Frommi / miniz_oxide

Rust replacement for miniz
MIT License
168 stars 48 forks source link

Improve block type selection algorithm #100

Open claudiosdc opened 3 years ago

claudiosdc commented 3 years ago

I am currently developing a library that uses data compression, and to handle that task I have chosen to use the flate2 crate with its default compression backend, miniz_oxide.

While in the process of writing unit tests for my library, I noticed that a particular piece of data was not generating the expected compression result. After further investigation, I realized that the data produced from the compression was made of a single non-compressed data block.

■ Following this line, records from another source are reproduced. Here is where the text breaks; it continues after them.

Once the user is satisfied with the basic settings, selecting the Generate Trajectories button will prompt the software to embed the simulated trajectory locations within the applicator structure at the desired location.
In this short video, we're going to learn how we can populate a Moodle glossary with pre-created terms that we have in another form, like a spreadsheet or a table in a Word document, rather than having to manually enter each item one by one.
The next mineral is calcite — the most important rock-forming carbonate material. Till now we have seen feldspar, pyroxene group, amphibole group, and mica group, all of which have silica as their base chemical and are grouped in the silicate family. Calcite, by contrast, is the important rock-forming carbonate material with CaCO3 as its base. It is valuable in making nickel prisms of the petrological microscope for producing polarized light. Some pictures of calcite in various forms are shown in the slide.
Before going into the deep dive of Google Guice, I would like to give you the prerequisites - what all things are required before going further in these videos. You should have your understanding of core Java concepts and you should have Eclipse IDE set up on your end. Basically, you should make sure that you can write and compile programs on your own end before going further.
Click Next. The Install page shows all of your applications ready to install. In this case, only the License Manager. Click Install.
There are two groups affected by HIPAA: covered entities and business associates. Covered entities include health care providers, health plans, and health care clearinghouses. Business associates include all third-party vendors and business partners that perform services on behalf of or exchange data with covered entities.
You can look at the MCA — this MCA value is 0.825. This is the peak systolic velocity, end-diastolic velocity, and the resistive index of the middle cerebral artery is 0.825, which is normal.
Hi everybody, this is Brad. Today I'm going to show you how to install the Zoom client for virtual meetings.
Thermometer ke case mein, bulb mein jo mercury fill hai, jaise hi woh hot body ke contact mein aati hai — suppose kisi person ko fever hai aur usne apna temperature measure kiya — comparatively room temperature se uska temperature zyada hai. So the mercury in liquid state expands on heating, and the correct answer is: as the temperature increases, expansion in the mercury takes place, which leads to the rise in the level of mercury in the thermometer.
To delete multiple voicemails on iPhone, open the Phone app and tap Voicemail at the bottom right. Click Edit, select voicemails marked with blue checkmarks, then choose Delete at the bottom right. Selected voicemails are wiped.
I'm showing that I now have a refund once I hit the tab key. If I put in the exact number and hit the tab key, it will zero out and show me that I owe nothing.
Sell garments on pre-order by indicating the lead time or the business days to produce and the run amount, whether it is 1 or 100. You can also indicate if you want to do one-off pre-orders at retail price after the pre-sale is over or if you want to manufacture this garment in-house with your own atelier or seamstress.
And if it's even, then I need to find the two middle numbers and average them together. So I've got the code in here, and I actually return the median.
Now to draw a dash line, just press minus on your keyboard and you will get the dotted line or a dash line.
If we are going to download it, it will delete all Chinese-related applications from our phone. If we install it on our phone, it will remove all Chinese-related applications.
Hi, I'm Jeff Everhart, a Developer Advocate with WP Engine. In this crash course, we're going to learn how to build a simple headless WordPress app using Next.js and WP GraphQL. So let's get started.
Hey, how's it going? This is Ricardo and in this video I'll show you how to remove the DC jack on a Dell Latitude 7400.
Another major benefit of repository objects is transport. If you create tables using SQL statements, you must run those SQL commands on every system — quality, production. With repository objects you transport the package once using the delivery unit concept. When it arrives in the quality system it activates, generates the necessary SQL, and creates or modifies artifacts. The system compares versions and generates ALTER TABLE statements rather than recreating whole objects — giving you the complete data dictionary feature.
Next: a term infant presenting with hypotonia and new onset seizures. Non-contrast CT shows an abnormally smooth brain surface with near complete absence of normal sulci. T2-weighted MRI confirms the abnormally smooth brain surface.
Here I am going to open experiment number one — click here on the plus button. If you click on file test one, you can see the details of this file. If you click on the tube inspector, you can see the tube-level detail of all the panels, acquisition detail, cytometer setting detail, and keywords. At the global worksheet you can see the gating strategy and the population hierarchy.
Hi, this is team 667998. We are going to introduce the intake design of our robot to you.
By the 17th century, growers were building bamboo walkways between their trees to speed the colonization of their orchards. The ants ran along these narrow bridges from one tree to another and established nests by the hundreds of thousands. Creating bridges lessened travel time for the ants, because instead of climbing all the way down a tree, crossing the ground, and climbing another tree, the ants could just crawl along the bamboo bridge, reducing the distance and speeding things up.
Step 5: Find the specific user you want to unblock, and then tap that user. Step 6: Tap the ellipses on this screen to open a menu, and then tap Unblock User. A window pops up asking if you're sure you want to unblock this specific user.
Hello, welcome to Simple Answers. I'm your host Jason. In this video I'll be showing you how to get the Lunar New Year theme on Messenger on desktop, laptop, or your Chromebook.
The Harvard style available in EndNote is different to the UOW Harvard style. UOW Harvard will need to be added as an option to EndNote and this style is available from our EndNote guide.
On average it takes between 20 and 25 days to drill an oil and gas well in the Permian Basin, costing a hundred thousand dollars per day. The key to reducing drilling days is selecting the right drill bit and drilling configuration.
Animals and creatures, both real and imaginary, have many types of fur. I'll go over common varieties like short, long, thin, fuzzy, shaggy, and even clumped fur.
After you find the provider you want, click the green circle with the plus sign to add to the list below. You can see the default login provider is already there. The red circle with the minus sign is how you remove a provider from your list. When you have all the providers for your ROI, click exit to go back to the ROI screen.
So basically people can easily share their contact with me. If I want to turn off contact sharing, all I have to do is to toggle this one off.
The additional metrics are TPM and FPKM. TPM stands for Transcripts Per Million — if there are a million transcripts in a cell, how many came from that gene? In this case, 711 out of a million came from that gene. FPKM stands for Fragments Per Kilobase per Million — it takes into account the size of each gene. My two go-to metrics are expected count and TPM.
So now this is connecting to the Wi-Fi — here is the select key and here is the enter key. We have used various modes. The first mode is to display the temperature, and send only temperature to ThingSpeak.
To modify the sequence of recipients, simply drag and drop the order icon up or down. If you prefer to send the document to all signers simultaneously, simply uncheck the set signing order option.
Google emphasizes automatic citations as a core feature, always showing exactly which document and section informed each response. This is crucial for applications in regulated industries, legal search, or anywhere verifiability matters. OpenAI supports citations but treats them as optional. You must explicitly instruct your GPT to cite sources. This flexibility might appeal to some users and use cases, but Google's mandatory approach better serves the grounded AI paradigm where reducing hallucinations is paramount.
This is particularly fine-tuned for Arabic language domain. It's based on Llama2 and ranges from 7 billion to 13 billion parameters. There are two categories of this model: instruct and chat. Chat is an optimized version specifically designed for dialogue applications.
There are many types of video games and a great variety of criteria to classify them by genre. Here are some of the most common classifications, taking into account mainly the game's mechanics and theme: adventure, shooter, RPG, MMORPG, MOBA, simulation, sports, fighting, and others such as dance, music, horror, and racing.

That same data, however, when compressed using zlib, produces a different result, which is comprised of one compressed data block.

This can be verified using the code snippet below.

    #[test]
    fn it_compress_issue() {
        let data = r#"{"status":"success","data":{"messageId":"mg9x9vCqYMg9YtKdDwQx"}}"#.as_bytes();

        // Compression using 'miniz_oxide' crate directly
        let compressed_data = miniz_oxide::deflate::compress_to_vec(data, 9);

        assert!(compressed_data.len() > data.len());
        assert_eq!(&compressed_data.as_slice()[5..], data);

        // Compression using 'flate2' crate with 'zlib' feature enabled
        let mut enc = flate2::read::DeflateEncoder::new(data, Compression::default());
        let mut compressed_data_2 = Vec::new();

        enc.read_to_end(&mut compressed_data_2).unwrap();

        assert!(compressed_data_2.len() < data.len());
    }

This might be related to issue #77, I guess.

oyvindln commented 3 years ago

Yeah it might similar to what causes differences in #77, the block selection algorithm being a bit too dumb. You could check by seeing if you get the same result with the C miniz backend (or C miniz with same settings).

oyvindln commented 3 years ago

Yeah, looked at it a bit, it's due to the simpler block selection algorithm in miniz_oxide (and C miniz). May change it to do a more thorough check like zlib, though it requires a little restructuring.